DISPARITIES in life expectancy and infant mortality between people living in Appalachia and the rest of the U.S. are worsening, research finds.

Published in the August issue of Health Affairs, the study noted that infant mortality rates were not significantly different between Appalachia and the rest of the country in the early 1990s. However, by 2013, infant mortality rates were 16 percent higher in Appalachia, compared with the rest of the nation. On life expectancy, people living in Appalachia as of the early 1990s lived an average of seven months less than their fellow Americans. By 2013, that life expectancy gap had grown to 2.4 years.
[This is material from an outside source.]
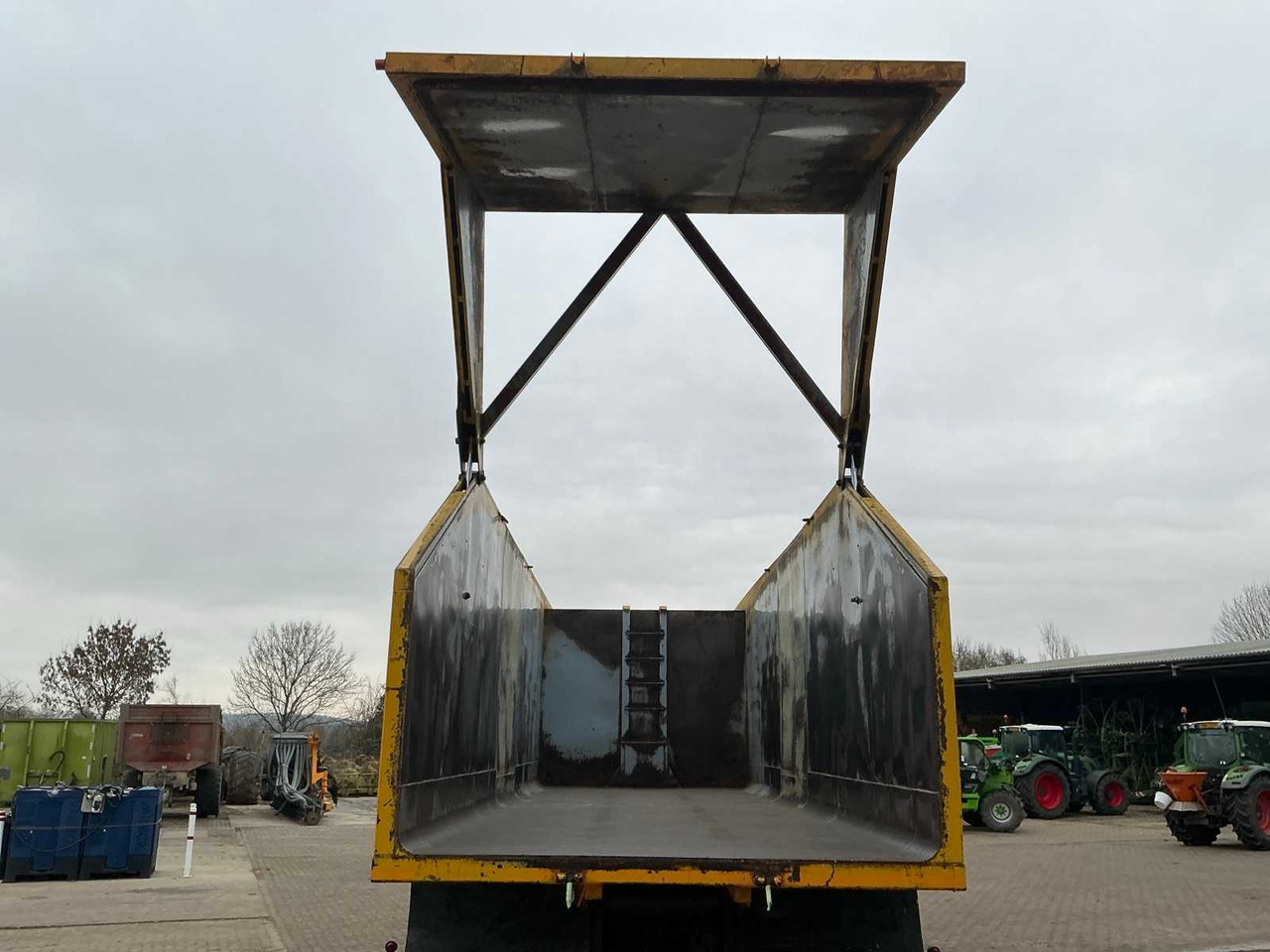 Truck 2005 GINAF GINC 3085 X4446 AGRICULTURAL TRUCK WITH TIPPER: picture 6 Truck 2005 GINAF GINC 3085 X4446 AGRICULTURAL TRUCK WITH TIPPER: picture 6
The Appalachia region encompasses 428 counties in 13 states, including all the counties in West Virginia and some counties in Alabama, Georgia, Kentucky, Maryland, Mississippi, New York, North Carolina, Ohio, Pennsylvania, South Carolina, Tennessee and Virginia.

To conduct the study, researchers examined data from the National Vital Statistics System between 1990 and 2013 as well as poverty data from the American Community Survey. Overall, the region is home to higher poverty and unemployment rates as well as lower educational levels than the rest of the country. Within Appalachia, black infants experienced higher mortality rates than white babies, as did infants in high-poverty areas of the region when compared with low-poverty areas.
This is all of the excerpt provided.